Problem 9-1 in Lee's "Introduction to Riemannian Manifolds", the author asks the following:
Let $(M,g)$ be an oriented Riemannian 2-manifold with nonpositive Gaussian curvature everywhere. Prove that there are no geodesic polygons with exactly 0,1, or 2 ordinary vertices. Give examples of all three if the curvature hypothesis is not satisfied.
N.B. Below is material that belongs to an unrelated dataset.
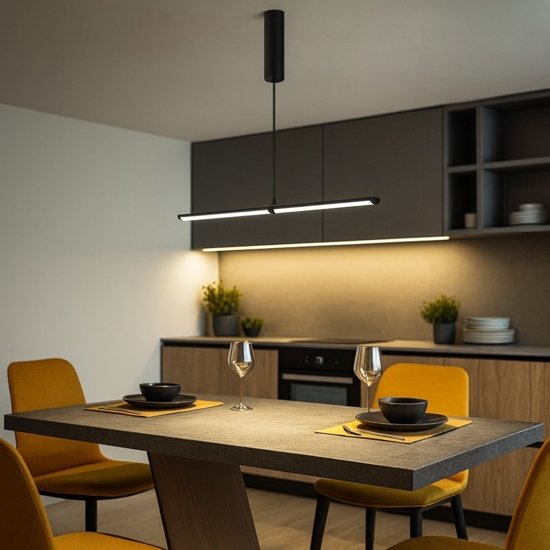 Maytoni supersymmetry lampadario per cucina orientabile led 4000k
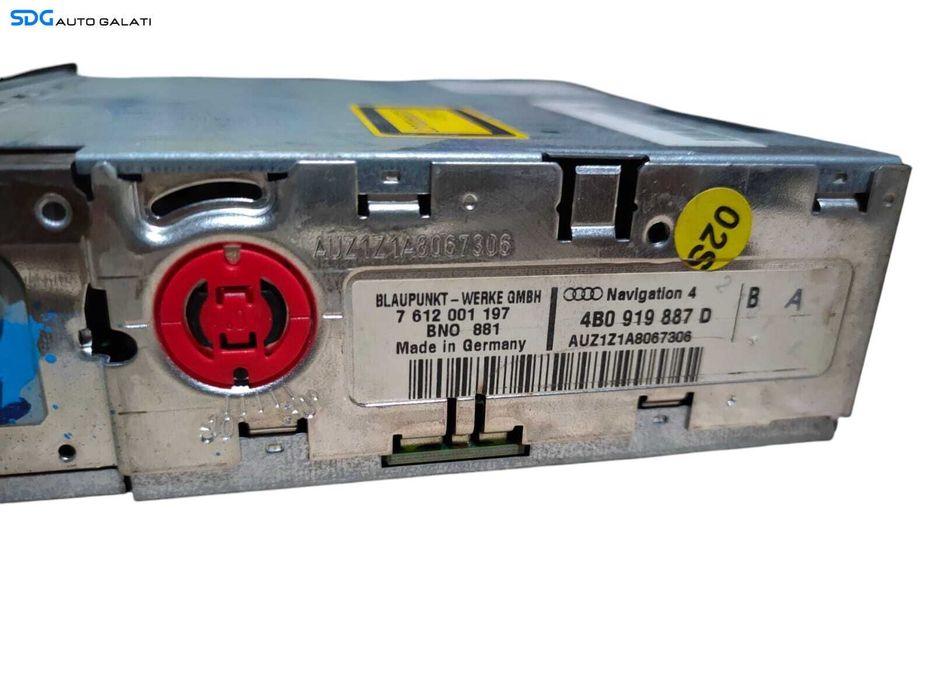 Unitate Modul GPS Navi Navigatie Blaupunkt Audi TT 1998 - 2006 Cod 7612001197 4B0919887D [L5613]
I was able to prove the first part of the problem by a simple application of the Gauss-Bonnet formula. I was also able to come up with counter examples for the second part in the case of 0 or 2 ordinary vertices by considering the round 2-sphere (a great circle for the 0 case and two half great circles for the 2 case). I am stuck however coming up with an example for the 1 vertex case. Does anyone have any suggestions?
Best Answer
Take a Euclidean square $\square PQRS$ and bend it into a cone so as to identify the sides $\overline{QP}$ and $\overline{QR}$. The two right angles $\angle QPS$ and $\angle QRS$ join to form a straight angle, and the two sides $\overline{PS}$ and $\overline{RS}$ join to form a closed geodesic, but the angle at its base point $S$ is not a straight angle. Try it with a square piece of paper and a strip of tape!
Roughly speaking this is a 1-sided geodesic polygon, except that the vertex $Q$ is not a smooth point. So smooth it! Cut out a cone neighborhood of $Q$ and smoothly reattach a nice smooth disc neighborhood.
If you like, you can embed this into a Riemannian manifold diffeomorphic to the 2-sphere.